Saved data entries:
━━━━━━━━━━━━━━━━━━━━━━━━━━━━━━
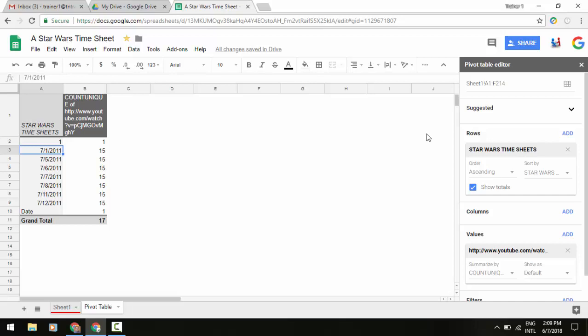For example, if you look to the left of my screen in my pivot table, I've got my Star Wars timesheets option here with some different dates. Now depending on what you have as your data that is entered here, especially in terms of dates and times, you can go to a date.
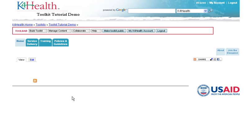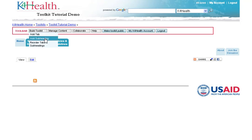To create a subheading that will display on a tab page, navigate to the Build Toolkit menu in the toolbar and select Add Subheading.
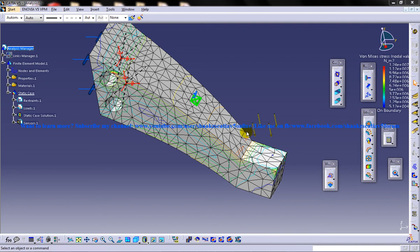Hi friends, this is Mohammed Shaqeel here and in this tutorial I am going to show you how you can do simple analysis in the Generative Structural Analysis Workbench in CATIA V5.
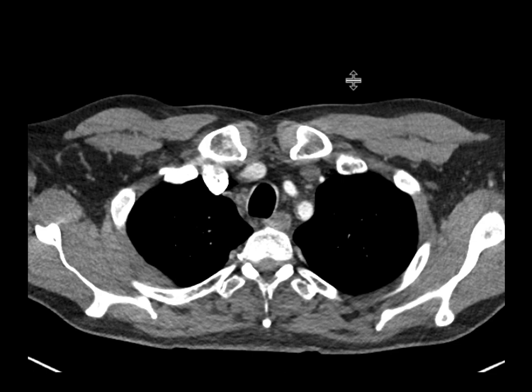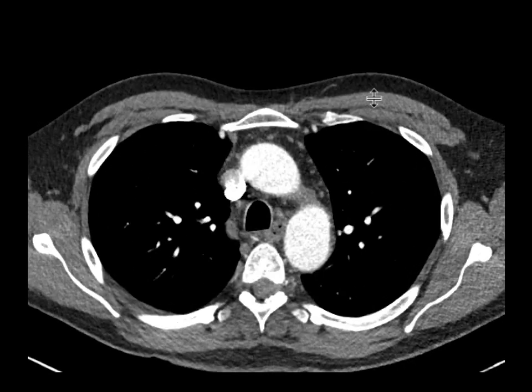This is a patient who came in with pleuritic chest pain as well as shortness of breath, and a CT scan utilizing a pulmonary embolism protocol was obtained.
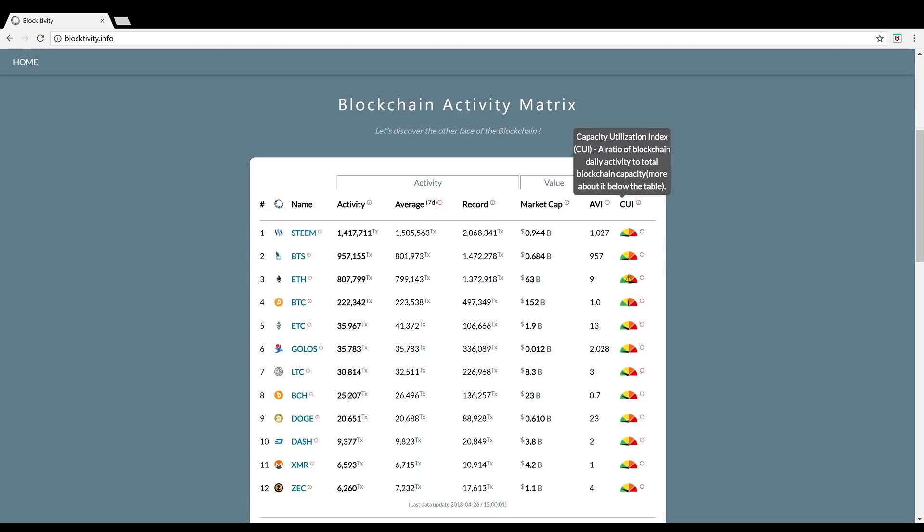Steem is a decentralized social media platform and that's why it may have so much activity, because people are commenting, liking, posting, and getting paid for their social media activity in Steem tokens and Steem backed dollar tokens. A boom like no other in my opinion. I really enjoy the Steem blockchain.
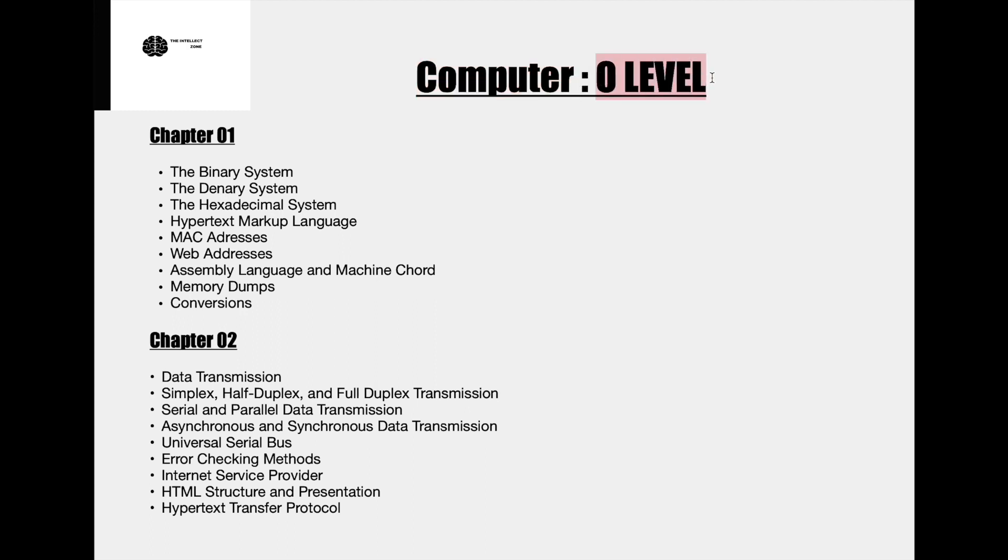So now let's talk about O level computer science or rather the basics of computer science. O level computer science is an easy subject for many students and you have an average of 8 chapters in this subject.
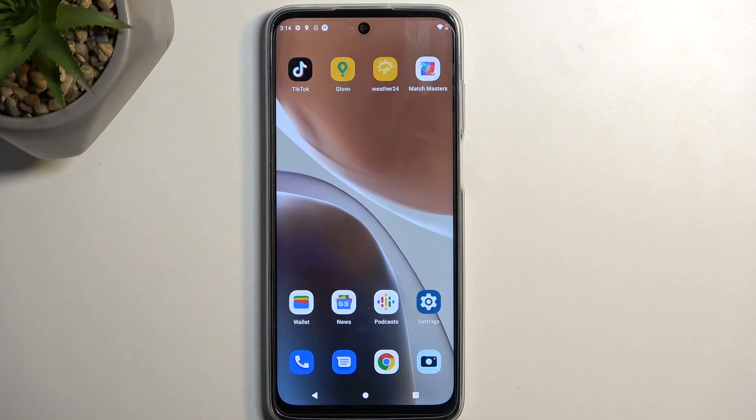Welcome. In front of me is a Motorola Moto G32, and today I will show you how you can record the screen on this phone.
━━━━━━━━━━━━━━━━━━━━━━━━━━━━━━
• [Work item] Omit the pictures, then extract verbatim only those lines that fall between the line containing "Hi friends, this" and the final line of the records above, both included.

• [Written solution]
Hi friends, this is Mohammed Shaqeel here and in this tutorial I am going to show you how you can do simple analysis in the Generative Structural Analysis Workbench in CATIA V5.
This is a patient who came in with pleuritic chest pain as well as shortness of breath, and a CT scan utilizing a pulmonary embolism protocol was obtained.
Steem is a decentralized social media platform and that's why it may have so much activity, because people are commenting, liking, posting, and getting paid for their social media activity in Steem tokens and Steem backed dollar tokens. A boom like no other in my opinion. I really enjoy the Steem blockchain.
So now let's talk about O level computer science or rather the basics of computer science. O level computer science is an easy subject for many students and you have an average of 8 chapters in this subject.
Welcome. In front of me is a Motorola Moto G32, and today I will show you how you can record the screen on this phone.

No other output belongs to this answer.